I’LL LET THE RACKET DO THE TALKING
Là où c’est encore plus cruel pour Breakpoint, c’est que le studio estime que les mouvements dans Top Spin 4 n’étaient pas assez naturels. Pardon ? La façon dont les joueurs se positionnent avant d’amorcer un coup droit ou un revers dans TWT est risible, et le fait qu’ils soient capable de décocher une frappe de mammouth alors qu’ils ne rentrent pas dans la balle en a étonné plus d’un. Sur terre battue, les glissades ont été laissées au placard, et on ne parle pas des innombrables petits pas qu’il faut se coltiner lorsque le personnage arrive en bout de course. Au-delà de l’animation, c’est surtout la qualité graphique du jeu qui fait mal à la tête. Rien à dire sur les courts (il y en aura 18 dans la version finale) qui sont plutôt propres, mais on a halluciné en voyant la gueule du public. Quand on se remémore le soin apporté par 2K Sports (NBA 2K) et Electronic Arts (FIFA), on se demande qui a bien pu valider ce retour en arrière. C’est simple, les développeurs ne se sont pas emmerdés : ils ont créé trois-quatre PNJ et les ont copiés-collés dans les tribunes. Chaud. Du côté de la modélisation des joueurs, c’est assez inégal dans le sens où ils ne sont pas tous logés à la même enseigne. En bonnes têtes d’affiche, Wawrinka et "Rodgeur" font partie des mieux lotis, alors que d’autres doivent se contenter des miettes. Visuellement décevant (les yeux révulsés de Gasquet et la queue de cheval de Wozniacki qui reste droit comme un I entre autres, c’est cadeau) malgré l'usage de la photogrammétrie, Tennis World Tour est en plus difficilement accessible.
Au-delà de l’animation, c’est surtout la qualité graphique du jeu qui fait mal à la tête. Rien à dire sur les courts (il y en aura 18 dans la version finale) qui sont plutôt propres, mais on a halluciné en voyant la gueule du public.
En faisant bizarrement passer le timing au second plan, les développeurs ont privé le jeu d’un socle sur lequel ils auraient pu s’appuyer pour apporter de la profondeur au gameplay. "C’est plus facile de ne pas se reposer sur le timing, parce qu’il était très difficile à trouver dans les autres jeux, a estimé Etienne Jacquemin.

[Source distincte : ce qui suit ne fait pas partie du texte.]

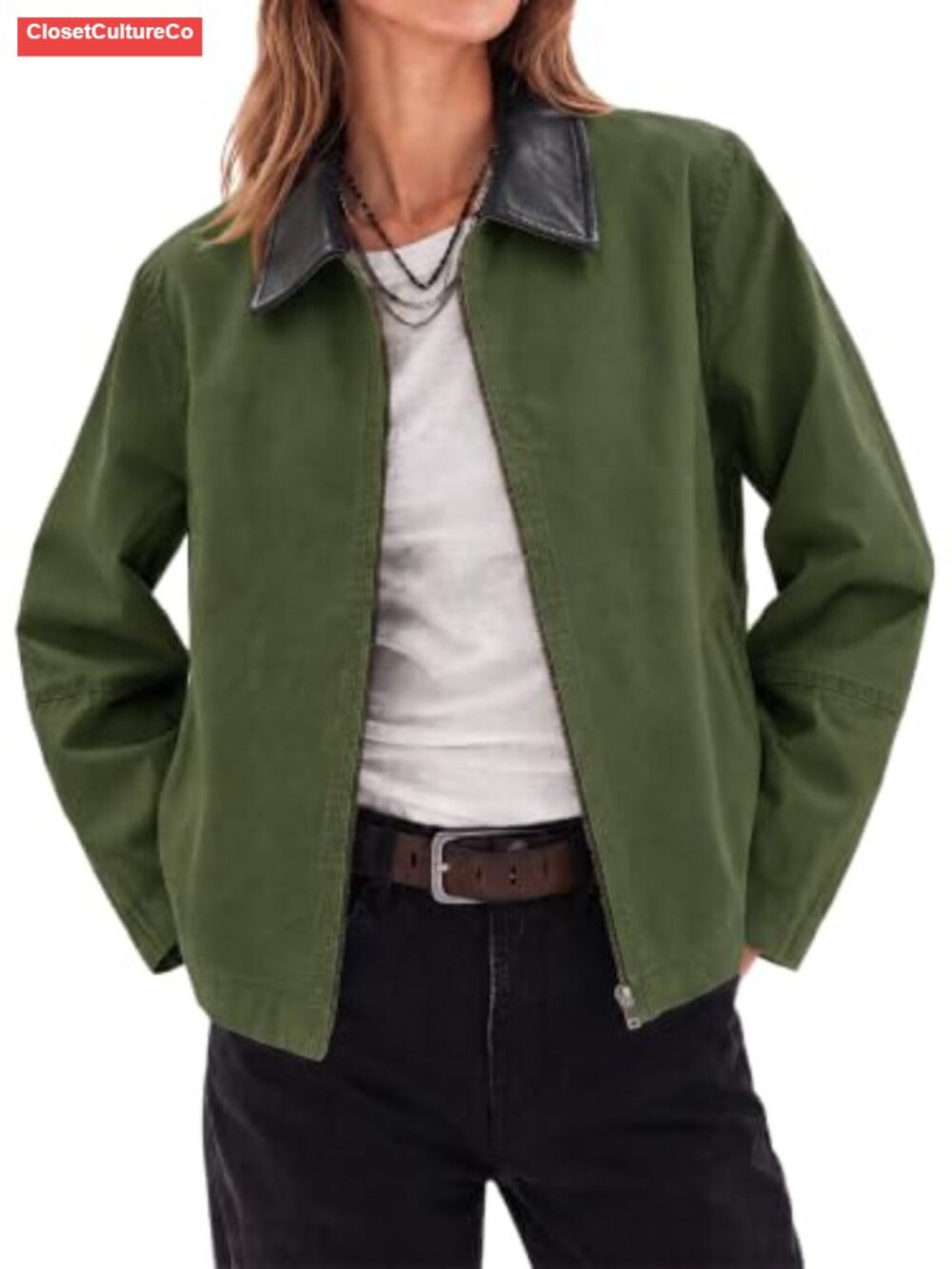 Oversized Cotton Canvas Barn Jacket Zip Up Lightweight Utility Coat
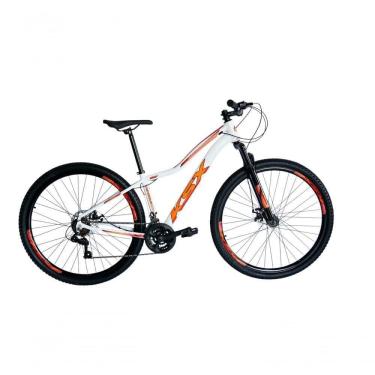 Imagem de Bicicleta Aro 29 Ksx Sd7 Feminina 21v Cabos Internos Alumínio Freios A Disco Garfo Suspensão Branco Laranja Tamanho 17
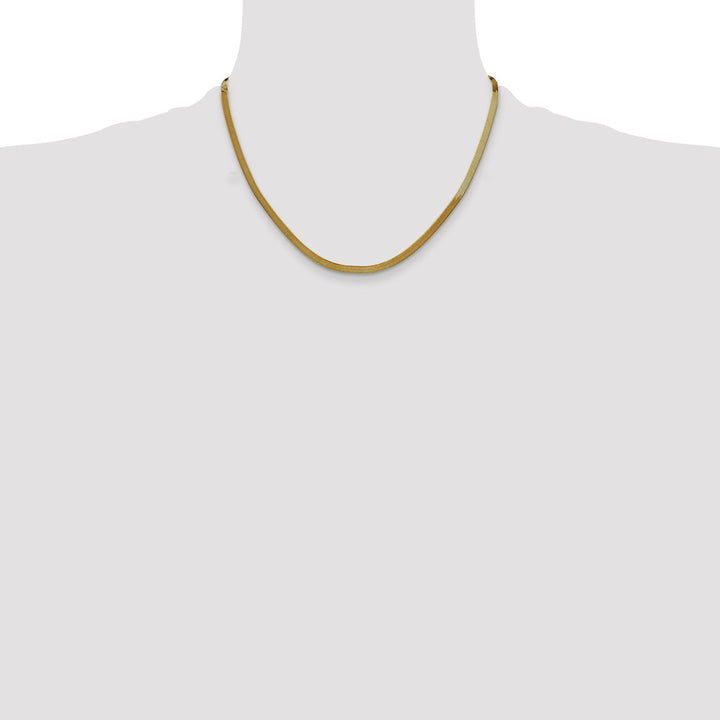 Gold 3mm Herringbone Chain, 18"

Il n’était pas évident de comprendre pourquoi le timing était différent dans tel ou tel contexte, de savoir si l’on devait frapper la balle plus tôt ou plus tard. C’est un processus d’apprentissage qui peut être assez long, et ce n’est donc pas forcément une facilité pour le joueur. Avec Tennis World Tour, l’idée était non pas de se reposer complètement sur la maîtrise du pad, mais de donner de la profondeur sur le long terme. C’est facile de renvoyer la balle, mais on ne fait pas des coups super puissants. Il y a donc cette prise de risque qu’il faut jauger, et ça se travaille au fil des matchs ; c’est justement ça qui est intéressant. Dans certains contextes, on va pouvoir plus charger la frappe que dans d’autres. Il y a des moments où l’on va être très bien placé pour balancer une patate d’enfer, et d’autres où l’on sera en bout de course et où l’on sera juste content de renvoyer la balle. C’est que se trouve toute la richesse du jeu." D’accord, mais dans les faits, même quand on est hyper bien positionné, on éprouve toutes les difficultés du monde à conclure le point ; c’est comme s’il manquait un élément (le timing par hasard ?) qui, couplé à une parfaite inclinaison du stick, à la jauge de puissance dosée avec justesse, et à un positionnement au poil, permettrait de faire la différence entre un gros coup droit et un gros coup droit long de ligne. En l’état actuel des choses, le système est beaucoup trop hasardeux : dans une situation de frappe identique et avec les mêmes paramètres, on n’obtiendra pas le même résultat. Frustrant. Heureusement, la position de Breakpoint n’est pas figée. "Le timing est quelque chose que l’on ne veut pas oublier non plus, a prévenu notre interlocuteur. Nous allons continuer à travailler sur cet aspect-là, parce que ça donne de la percussion aux coups. En fait, c’est un élément que nous avions envisagé durant le développement du jeu, mais pour le moment, nous ne disposons pas encore de suffisamment de retours là-dessus." Ouf.
TENNIS ELBOW
On ne va pas vous le cacher, on a pris très peu de plaisir avec Tennis World Tour qui va certainement faire l’objet de plusieurs patchs après sa sortie, ne serait-ce que pour gommer certaines failles surlignées en jaune fluo. Par exemple, dans la version que nous avons pu essayer, il était quasi impossible de contrer un amorti. Dès que le joueur se trouvait entre le filet et la ligne de service, c’était cuit. Même chose pour les hitboxes qui nous faisaient péter un plomb. Bref, le studio français a encore beaucoup de boulot devant lui ne serait-ce que pour rendre une copie tout juste correcte. Le problème, c’est que l’objectif est de sortir le jeu lors du prochain Roland-Garros qui aura lieu du 27 mai au 10 juin. Enfin, on ne peut pas terminer ce premier tour d’horizon sans évoquer le casting qui ne sera pas composé de toutes les stars actuelles du tennis. "Les négociations sont plus difficiles dans le tennis que dans d’autres sports, puisque ce ne sont pas des droits globaux ; on est obligé d’aller voir chaque personne, a expliqué Etienne Jacquemin. Il y a des joueurs qui ne sont pas intéressés, d’autres qui sont beaucoup trop chers, ce qui nous oblige à faire des choix. Après, certaines décisions ont été prises pour que l’on puisse avoir un casting équilibré. Par exemple, on ne voulait pas avoir que des attaquants de fond court, mais différents styles de jeu. Et puis, on tenait aussi à ce que plusieurs nationalités soient représentées. C’est donc une réflexion forcément complexe qui continuera d’évoluer d’ailleurs, puisque l’on a l’intention de proposer d’autres joueurs et joueuses après la sortie de Tennis World Tour." Si notre enthousiasme a clairement été douché, on garde quand même un œil sur le jeu qui débarquera au mois de mai sur Xbox One, PC et PS4.